What I’d actually suggest, practically, is to try one new stylist for a single appointment, something lower stakes like a haircut without color, before you make any big declarations. You don’t have to announce that you’re leaving. Just book somewhere else and see how it feels. If it feels like an exhale, you’ll know. Websites like StyleSeat or even a really specific Google search for “balayage specialist near me” or “textured haircut specialist” can help you find someone who has made a particular area their focus. Read the reviews carefully, look at the actual photos in their portfolio, and pay attention to whether their clients’ hair looks like your hair, your texture, your age range, your general vibe.

Some tools that help with the transition while you’re figuring it out: a good at-home glossing treatment can keep color looking fresh, and something like Olaplex bonding oil is genuinely worth having around if your hair is feeling stressed. But what no product can replace is the feeling of sitting in a chair with someone who is actually looking at your hair, listening to you, and caring about what you walk out with. That exists. It’s findable. You’re not asking for too much by wanting it.

So, What Do You Actually Do With All This?

If you read through that list and nodded at more than two or three of them, I think you already know the answer, and honestly I think some part of you knew it before you found this article. Nine years is a long time and it makes sense that leaving feels heavy. But the women I’ve seen make a change after staying somewhere too long almost always say the same thing afterward: they wished they’d done it sooner, not because the new stylist is dramatically more talented necessarily, but because the new relationship feels like someone is actually seeing them.

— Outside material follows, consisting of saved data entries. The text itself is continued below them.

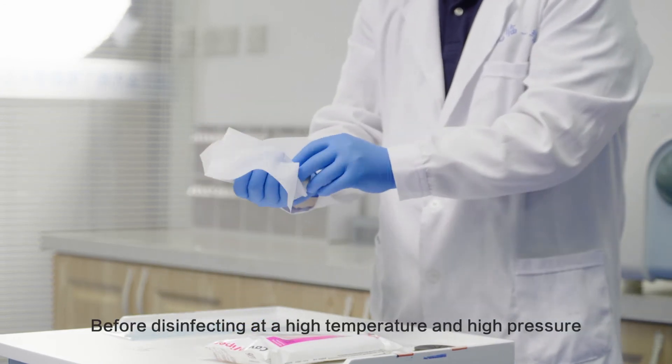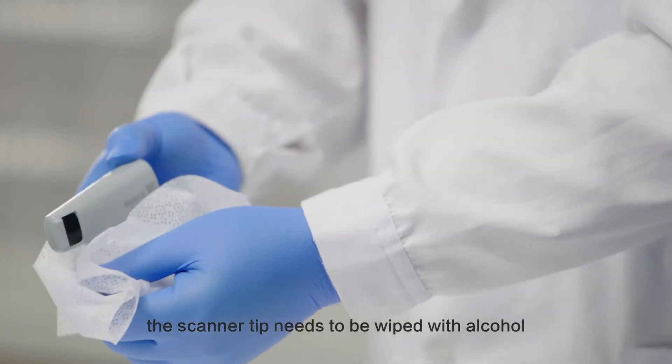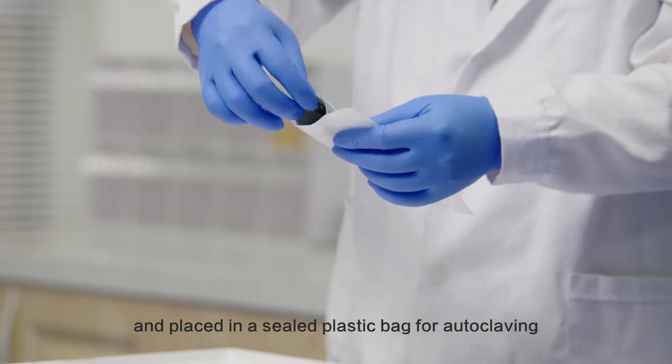Before disinfecting at high temperature and high pressure, the scanner tip needs to be wiped with alcohol and placed in a sealed plastic bag for autoclaving.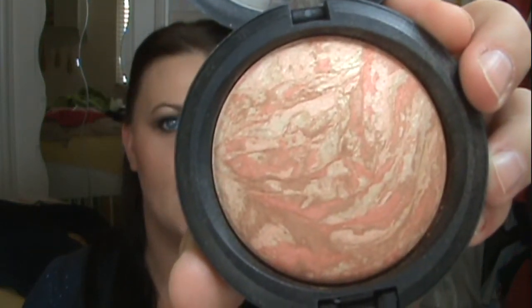I want a little bit of shimmer on my cheek, so I'm taking Refined MSF by MAC. I'm going to take that onto a fan brush, tap it on top of the cheekbones, and blend it out and up.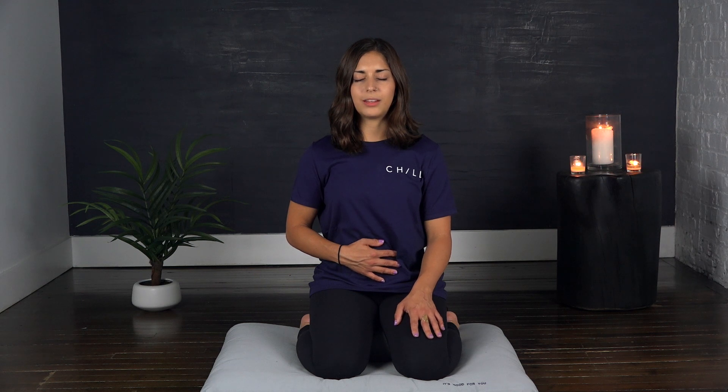One more just like that. Inhale, and exhale. And when you're ready, you can allow your eyes to gently open. Thank you for taking the time to chill with me today. We'll see you next time on Wednesday. Bye.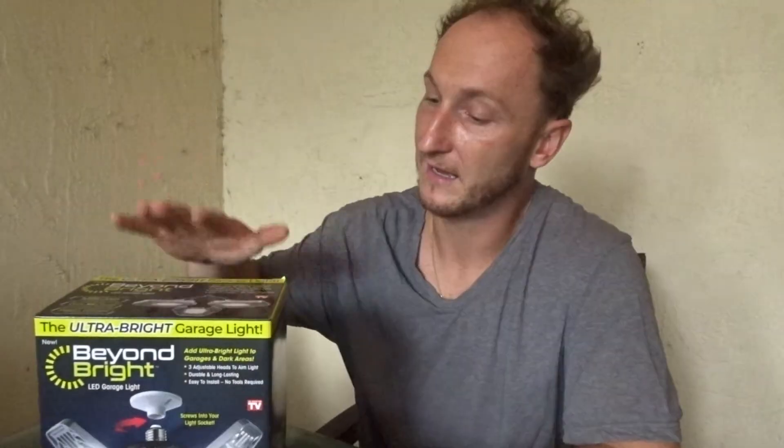Welcome back to another PAVentures unboxing video. If you're new to the channel, what are you doing? Hit the subscribe button. So today on this episode we're going to be unboxing, installing, and I'm going to give you my personal opinion of this as seen on TV Beyond Bright LED garage light.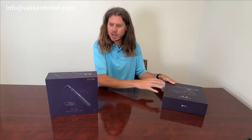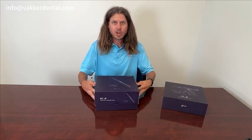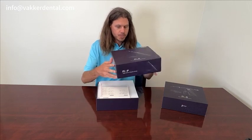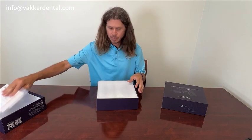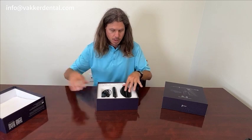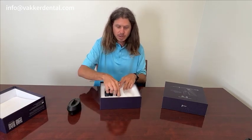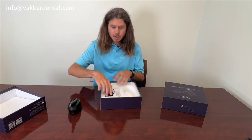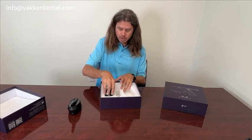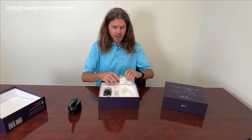Let's go ahead and open up our pen. This comes with a one-year warranty. It does come with a warranty card and an instruction manual. It comes with the charging station, the pen handle, the charging cord, and then four assorted packs of tips.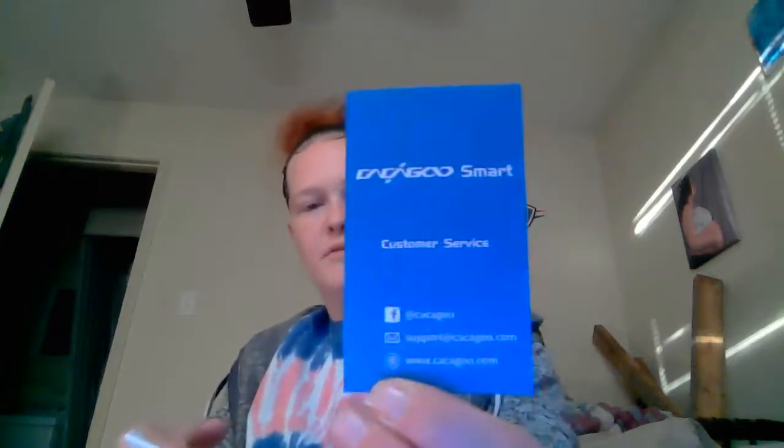It offers you a free six-month extended warranty, and there's the customer service information. It has instructions in English, French, Dutch, Spanish, and Italian.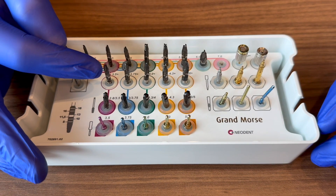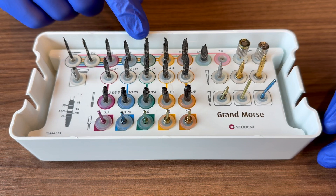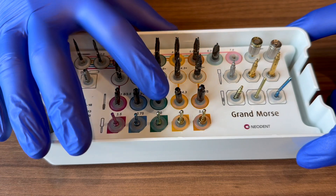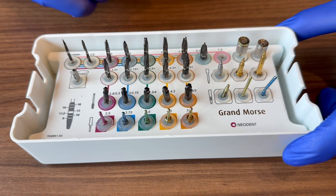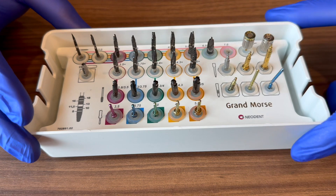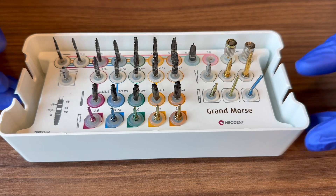There are additional drills for special situations. In extremely dense bone when placing a 4 by 10, you may want the 4-plus drill — it's slightly larger than the 4.0 and widens the osteotomy a bit. If you have ultra-dense bone with a cortical plate at the crest, use the profile drill at the bottom to remove some cortical bone so the implant doesn't get jammed on the way in.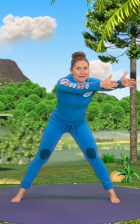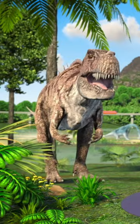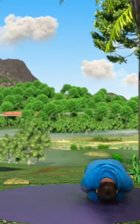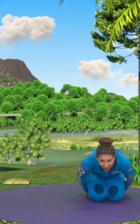Now we need to hide, coming down onto our knees everyone, and tucking up nice and small — here it comes for our sandwiches! Oh, coming up to sit now!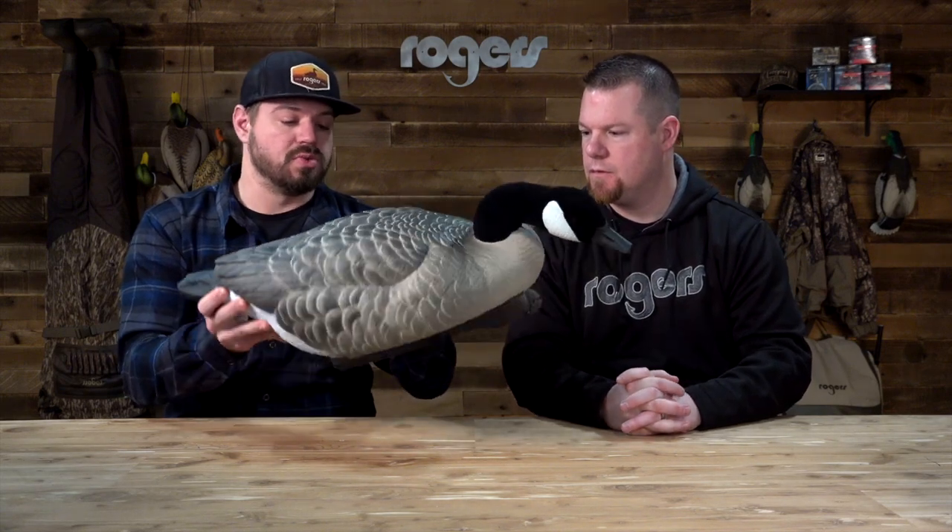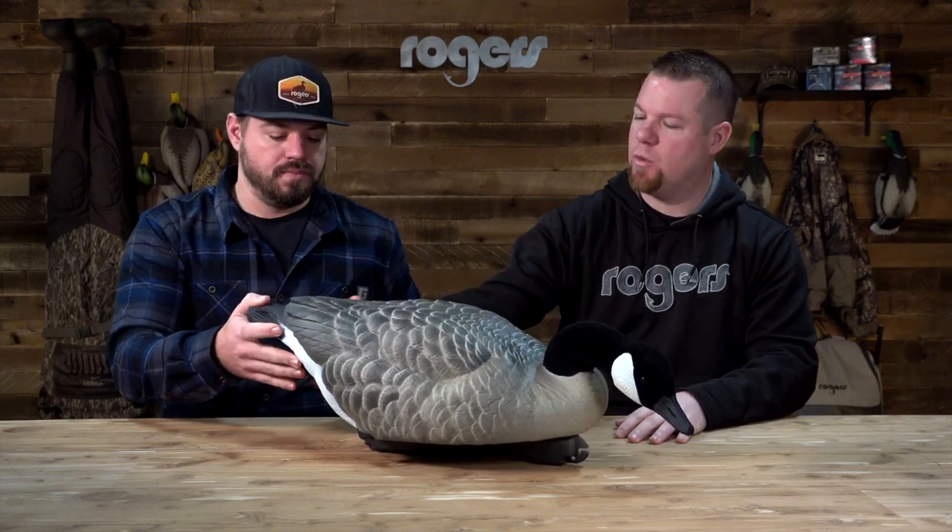The size is awesome, the carve is cool, it looks really good. I love the color — higher back, lots of white on the back, flocked head, a little oversized. Great addition to any spread.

You deserve to look forward to your hair appointments. You deserve to leave feeling good. You deserve a stylist who is as curious about your hair today as she would have been on day one. None of those things are too much to ask for. And the version of you who has been quietly dreading that chair every few weeks is ready for something better, even if she’s not quite ready to admit it out loud yet.

Go find your person. She’s out there.